Saint-Germain-des-Prés, (suite)
Par une curieuse contamination, la présence de quelques étoiles montantes des lettres et de grottes jazziques qualifiées de caves « existentialistes » - abritant une jeunesse troglodyte, elle-même affublée du même qualificatif - a fait de tout le quartier le centre d'un existentialisme folklorique et touristique, incarné par quelques silhouettes reconnaissables, de Jean-Paul Sartre à Juliette Gréco. Pourtant, comme le précise Boris Vian dans son Manuel de Saint-Germain-des-Prés, il faut faire une distinction rigoureuse entre « les acceptions différentes du qualificatif «existentialiste» selon qu'il est accolé au mot «cave» ou qu'on le rencontre dans les ouvrages d'éminents philosophes dont Jean-Paul Sartre est l'exemple le plus connu. Ce dernier, d'habitudes relativement sédentaires, se cantonne en général sur les coteaux avoisinant la place de l'Église et fréquente fort peu les caves ».

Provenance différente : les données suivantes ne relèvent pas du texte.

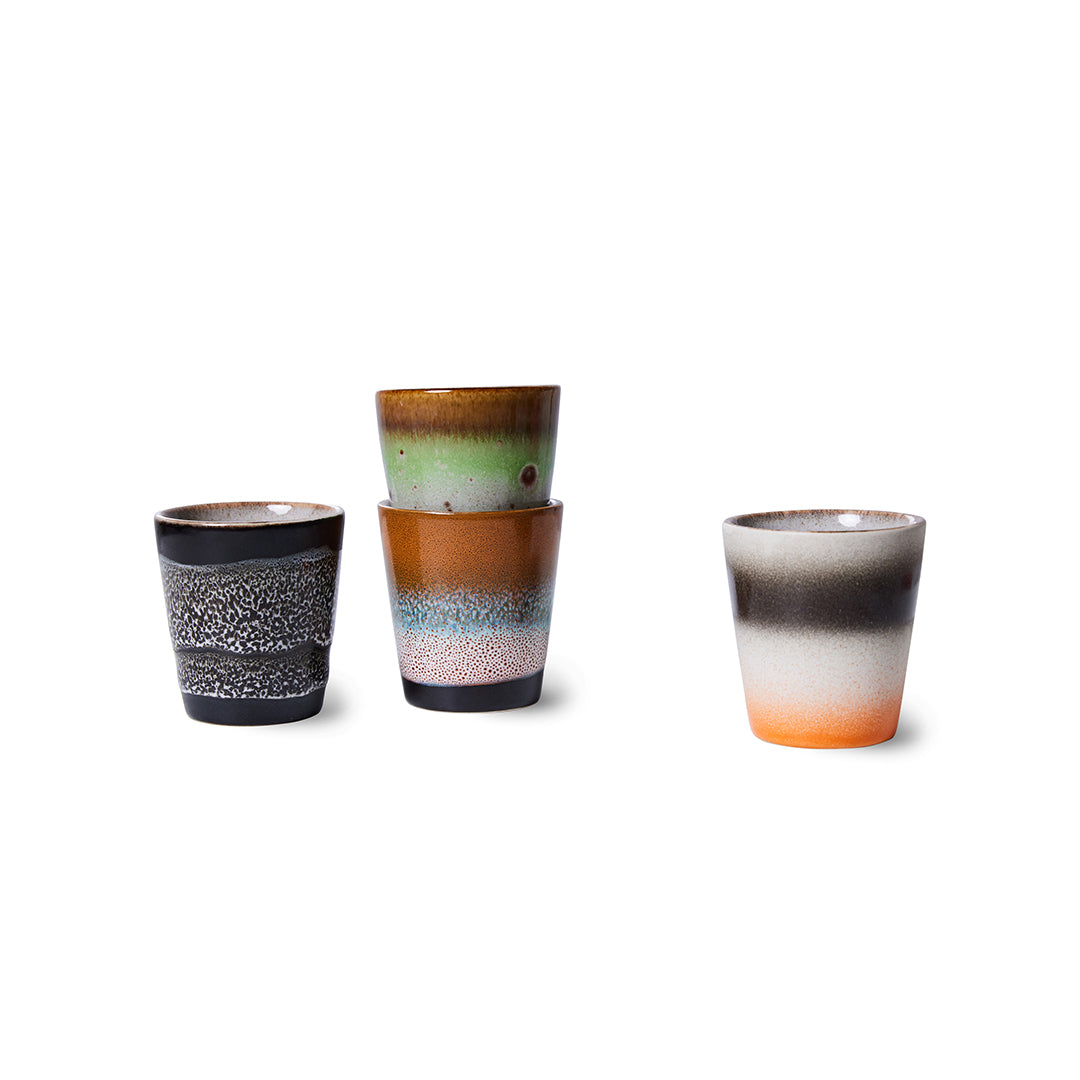 Lot de 4 tasses à ristretto | Good vibes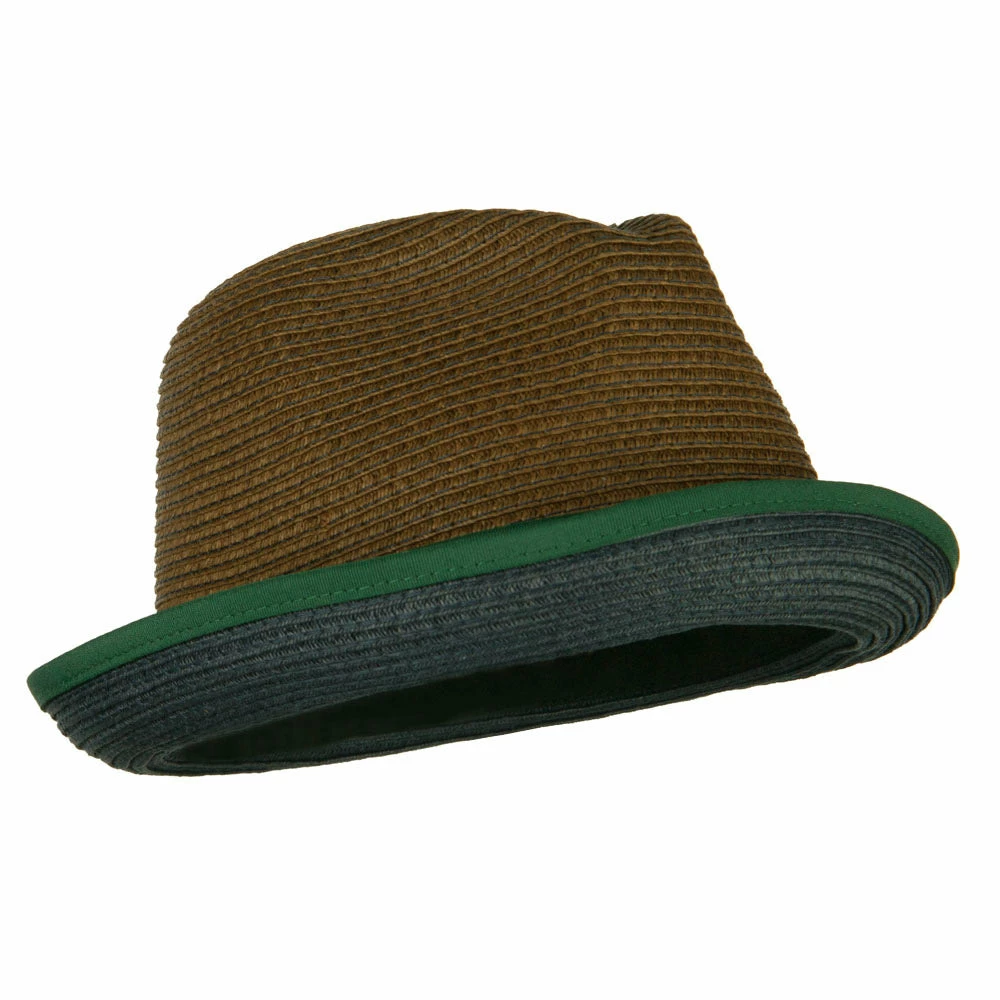 Jeanne Simmons Men's Double Bow Band Fedora 11 Jeanne Simmons Men's Double Bow Band Fedora - Image 9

La présence de nombreux éditeurs dans les environs, dont le prestigieux Gallimard, l'accueil chaleureux de quelques cafés - dont le poêle permit, pendant l'Occupation, à la main glacée de soutenir le stylo -, tout cela explique que Le Pont-Royal, Les Deux Magots, la brasserie Lipp - Léon-Paul Fargue dans un coin, Galtier-Boissière dans l'autre - ou le Café de Flore servent autant de débits de boissons que de salles de rédaction pour le comité des Temps modernes. Beauvoir, Sartre, Jean Cau, Merleau-Ponty, les frères Bost, font partie du décor et chaque café, fonctionnant comme un club anglais, possède ses rites et ses clans - le clan Sartre, le clan Confluences, le clan des ex-surréalistes...
La face nocturne et souterraine du quartier est tout aussi fameuse, et certaines « institutions » n'ont rien à envier aux cafés : le Club Saint-Germain, le Saint-Yves, Le Bar vert - où l'on voit Roger Blin, Pichette, Queneau, Roger Vailland -, mais surtout Le Tabou, rue Dauphine, où officient Boris Vian et son orchestre, ainsi que Juliette Gréco ; La Rose rouge aussi, qui accueille les fameux Frères Jacques et les mises en scène d'Yves Robert ou de la compagnie Grenier-Hussenot. À côté des spectacles de poésie (Anne-Marie Cazalis), des tours de chant (Mouloudji), des pochades, du théâtre (le Vieux-Colombier n'est pas loin), les caves de Saint-Germain ont contribué à populariser la musique de jazz en France ; elles ont participé à la révolution en marche en accueillant les ténors du be-bop, qui appréciaient à Paris la liberté d'allure et de ton et l'absence du racisme au quotidien : Charlie Parker, Buck Clayton, Kenny Clarke, Coleman Hawkins ou Miles Davies ont souvent joué dans la capitale et enchanté des nuits mémorables.
Ainsi, durant quelques années, il se fit une concentration intellectuelle et artistique exceptionnelle autour du vieux clocher de Saint-Germain, belle époque désormais mythique d'un après-guerre qui trouva des prolongements jusqu'à la fin des années 1950, mais ne résista pas à l'entrée dans une plus morne décennie de modernisation et de consommation.